The Louisiana Senate has created a special committee consisting of seven members to investigate the use of excessive force by the State Police after evidence emerged about a series of beatings of African-American men by the troopers.

Senate President Page Cortez said that he set up the panel in response to requests from senators concerned about troopers’ behavior, the Associated Press reported.

Republican Senator Franklin Foil will be heading the panel while Democratic Senator Cleo Fields will work as his deputy.

The panel’s first meeting is expected to be held in December in which the committee will hear from the State Police and the public with an eye toward developing recommendations for tightened laws regarding use of force that legislators can consider.

The review will focus more on overall policies, rather than specific allegations of improper force, Foil said.

The Senate Select Committee on State Police Oversight will “go over what kind of oversight the State Police has when there are reports of excessive force that may have been used inappropriately and what mechanisms they have as far as safeguards,” said Foil, a lawyer, and Navy officer who has worked as a military judge.

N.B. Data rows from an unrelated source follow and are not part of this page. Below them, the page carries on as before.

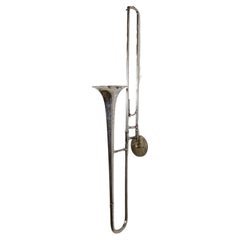 Antique Silver-Plated Olds Trombone as Sconce 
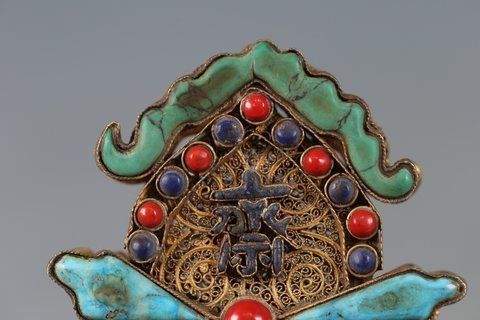 金花丝&清 福禄斋戒牌、金器,金花丝斋戒挂佩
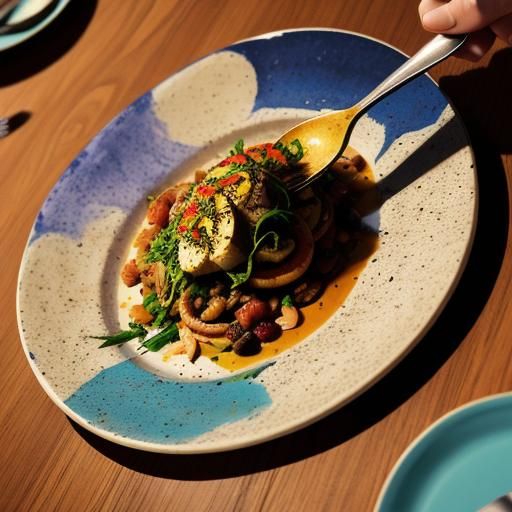 Dinner Party Chaos in Surreal Style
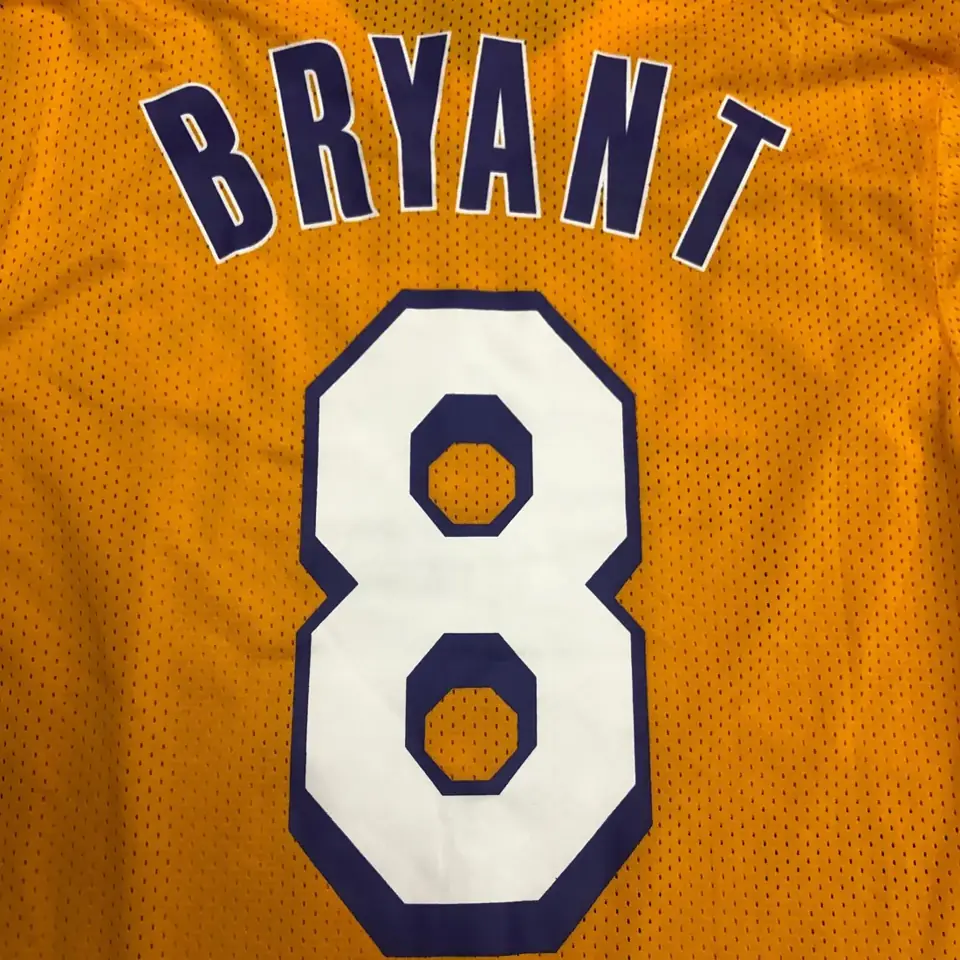 Foto 8 de Mitchellness Lakers de Los Ángeles amarillo número 8 Kobe camiseta retro de malla de manga corta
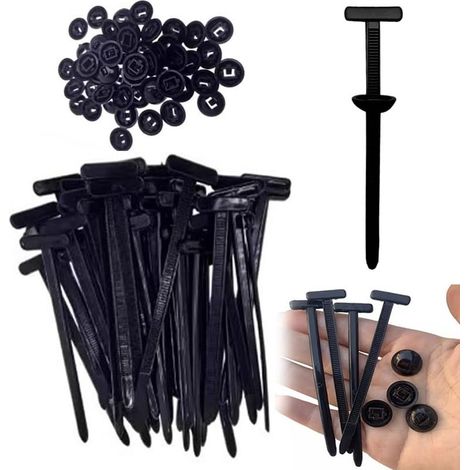Attache-câble universelle en nylon, robuste et autobloquante, avec goupille et bouton, nouvelle boucle multifonctionnelle, attaches noires résistantes aux UV pour la fixation quotidienne (50) (1/5)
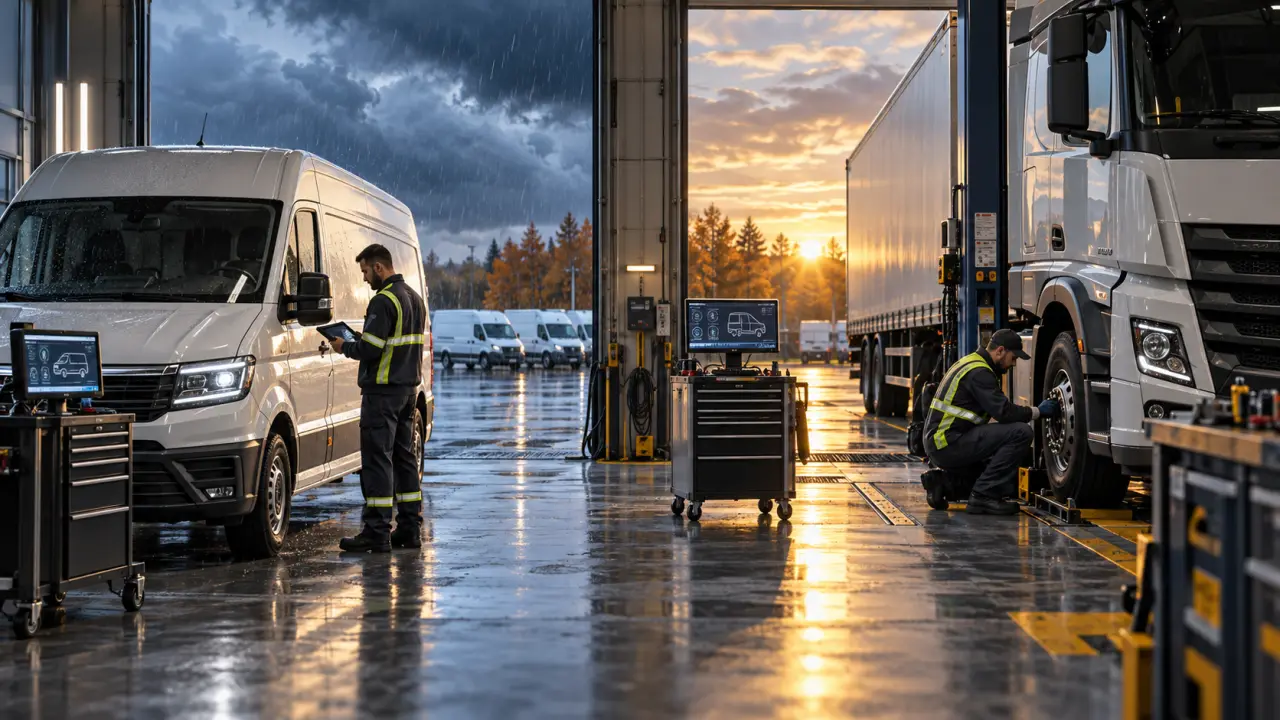 Flotte de camions et véhicules utilitaires dans un centre logistique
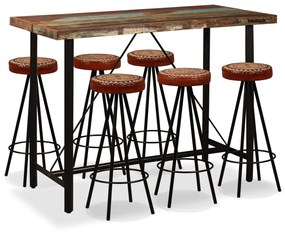 vidaXL Set bar, 7 piese, lemn masiv reciclat, piele naturală și pânză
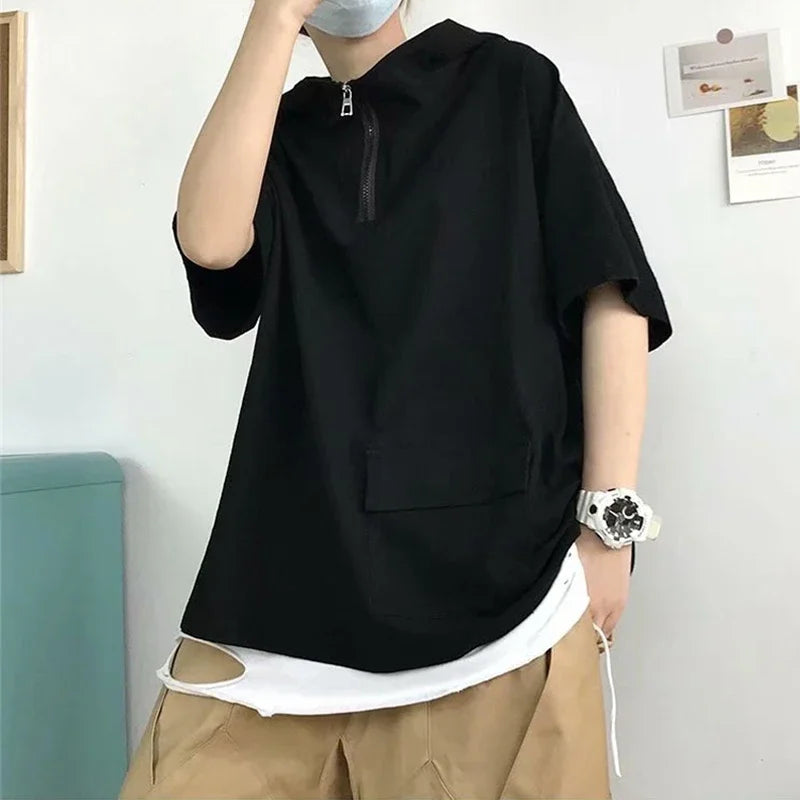 Summer Men's Vintage Short Sleeve Hooded T-Shirt Pocket Half Zip Cargo Tee Tops Solid Color Y2K Streetwear Pullover Tshirts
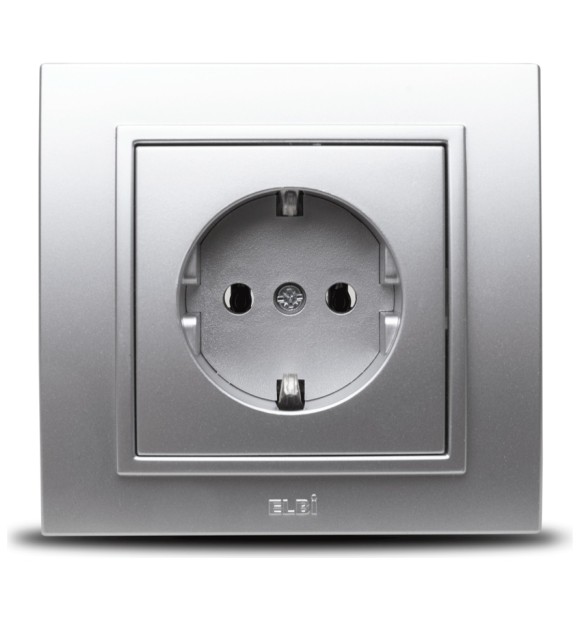 Priza Schuko 16A gri metalizat cu contact de protectie - gama Zena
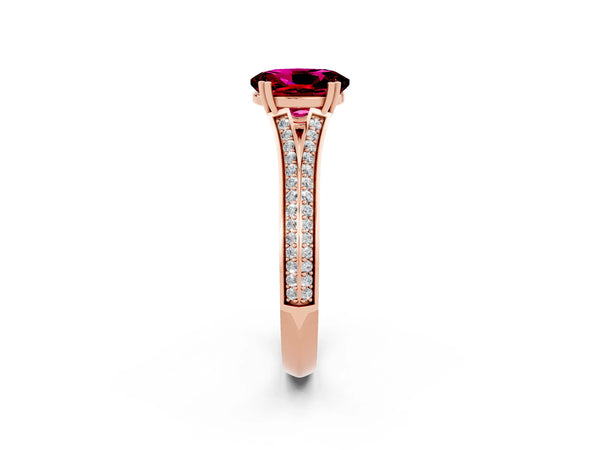 Rose gold Oval Cut Garnet Split Shank Engagement Ring with Pavé Band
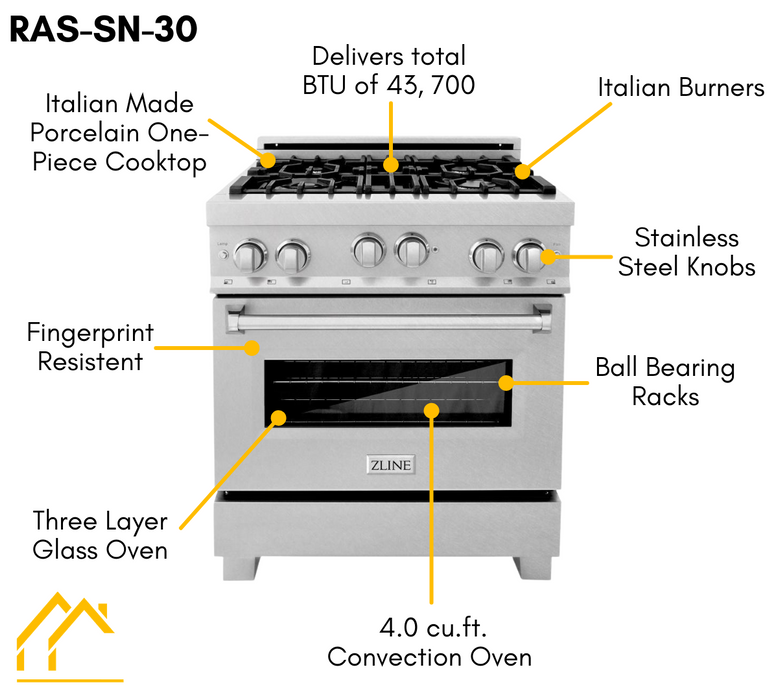 ZLINE Kitchen and Bath 30 in. Professional Gas Burner/Electric Oven in DuraSnow® Stainless, RAS-SN-30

The deadline for the panel to submit its recommendations to the full Senate is October 31, 2022.

The committee is set to examine the Louisiana State Police’s use-of-force policies as federal prosecutors are scrutinizing a series of beatings by troopers and whether top police brass obstructed justice to protect troopers involved in the deadly 2019 arrest of Ronald Greene.

The investigation began as a civil rights probe into Greene’s death, which police initially blamed on a car crash at the end of a chase near Monroe. But prosecutors’ interest has since broadened to look at other beatings and whether commanders broke the law to shelter the troopers seen on long-withheld body camera video punching, dragging, and stunning the African-American motorist.